DACA Recipient Cristian Padilla Romero and Tens of Thousands of Allies Are Campaigning to Save His Mother’s Life

Cristian Padilla Romero mother BELatina
PHOTO COURTESY OF CRISTIAN PADILLA ROMERO

Cristian Padilla Romero, a graduate student at Yale and DACA recipient, is at the head of a campaign to save Tania Romero, his mother, from deportation to their birth country of Honduras. The elder Romero was recently taken into ICE custody for a traffic violation in Georgia and has been in a private detention center ever since, where she does not have access to the treatments she needs for stage IV oral cancer. Padilla Romero has been pushing for her release as a matter of her life or death.

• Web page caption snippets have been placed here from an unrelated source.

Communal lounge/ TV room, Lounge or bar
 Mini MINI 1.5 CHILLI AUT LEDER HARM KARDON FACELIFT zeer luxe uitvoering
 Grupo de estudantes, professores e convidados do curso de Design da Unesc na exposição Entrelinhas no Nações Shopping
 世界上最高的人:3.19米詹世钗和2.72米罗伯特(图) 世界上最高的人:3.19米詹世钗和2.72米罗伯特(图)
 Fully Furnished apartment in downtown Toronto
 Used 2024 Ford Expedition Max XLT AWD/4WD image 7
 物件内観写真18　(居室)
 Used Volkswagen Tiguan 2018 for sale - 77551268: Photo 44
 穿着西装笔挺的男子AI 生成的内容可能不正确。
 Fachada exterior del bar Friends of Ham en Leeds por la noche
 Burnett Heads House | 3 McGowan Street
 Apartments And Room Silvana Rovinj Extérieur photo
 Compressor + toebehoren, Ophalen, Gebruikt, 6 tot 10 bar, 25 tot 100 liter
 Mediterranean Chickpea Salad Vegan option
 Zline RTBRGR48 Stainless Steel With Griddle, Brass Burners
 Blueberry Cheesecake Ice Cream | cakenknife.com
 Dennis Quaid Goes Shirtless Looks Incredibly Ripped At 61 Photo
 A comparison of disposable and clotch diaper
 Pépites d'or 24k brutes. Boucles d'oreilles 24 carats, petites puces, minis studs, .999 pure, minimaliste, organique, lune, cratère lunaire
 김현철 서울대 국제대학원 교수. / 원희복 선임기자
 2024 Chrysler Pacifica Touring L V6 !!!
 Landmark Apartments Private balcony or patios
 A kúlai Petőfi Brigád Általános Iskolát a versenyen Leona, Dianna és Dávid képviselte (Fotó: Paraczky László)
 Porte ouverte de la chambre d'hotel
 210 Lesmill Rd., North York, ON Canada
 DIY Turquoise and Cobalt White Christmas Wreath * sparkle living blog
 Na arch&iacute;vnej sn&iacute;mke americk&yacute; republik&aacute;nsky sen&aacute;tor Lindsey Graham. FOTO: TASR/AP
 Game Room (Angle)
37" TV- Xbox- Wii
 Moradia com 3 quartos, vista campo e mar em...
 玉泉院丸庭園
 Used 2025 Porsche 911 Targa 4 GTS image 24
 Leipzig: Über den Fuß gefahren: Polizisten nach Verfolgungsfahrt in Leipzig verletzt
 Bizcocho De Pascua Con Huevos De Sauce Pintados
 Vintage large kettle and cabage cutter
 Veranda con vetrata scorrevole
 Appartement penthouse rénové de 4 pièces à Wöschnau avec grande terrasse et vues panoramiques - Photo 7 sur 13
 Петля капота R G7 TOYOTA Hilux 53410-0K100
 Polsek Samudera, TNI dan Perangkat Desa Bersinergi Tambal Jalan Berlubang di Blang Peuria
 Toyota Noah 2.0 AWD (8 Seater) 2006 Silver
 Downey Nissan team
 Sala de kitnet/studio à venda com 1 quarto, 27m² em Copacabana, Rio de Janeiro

“I need to see my oncologist because I am not getting any care here,” his mother said in a phone interview last week with Democracy Now! from Irwin County Detention Center. “I had an appointment with the oncologist at the hospital in September, and I have not been able to see him yet.” In September, authorities denied her request for a stay of deportation. Padilla Romero added that because of this missed appointment, they don’t have any idea how her cancer is progressing. “And so, we started this campaign last week because we are really fearful for her health,” he explained. “And we really want to ask for peoples support to build pressure on ICE to release her while we await the pending motions to the courts.” A petition for her release is up on Mijente, with over 35,000 signatures as of Sunday evening; the campaign is hoping to gain a total of at least 40,000 signatures.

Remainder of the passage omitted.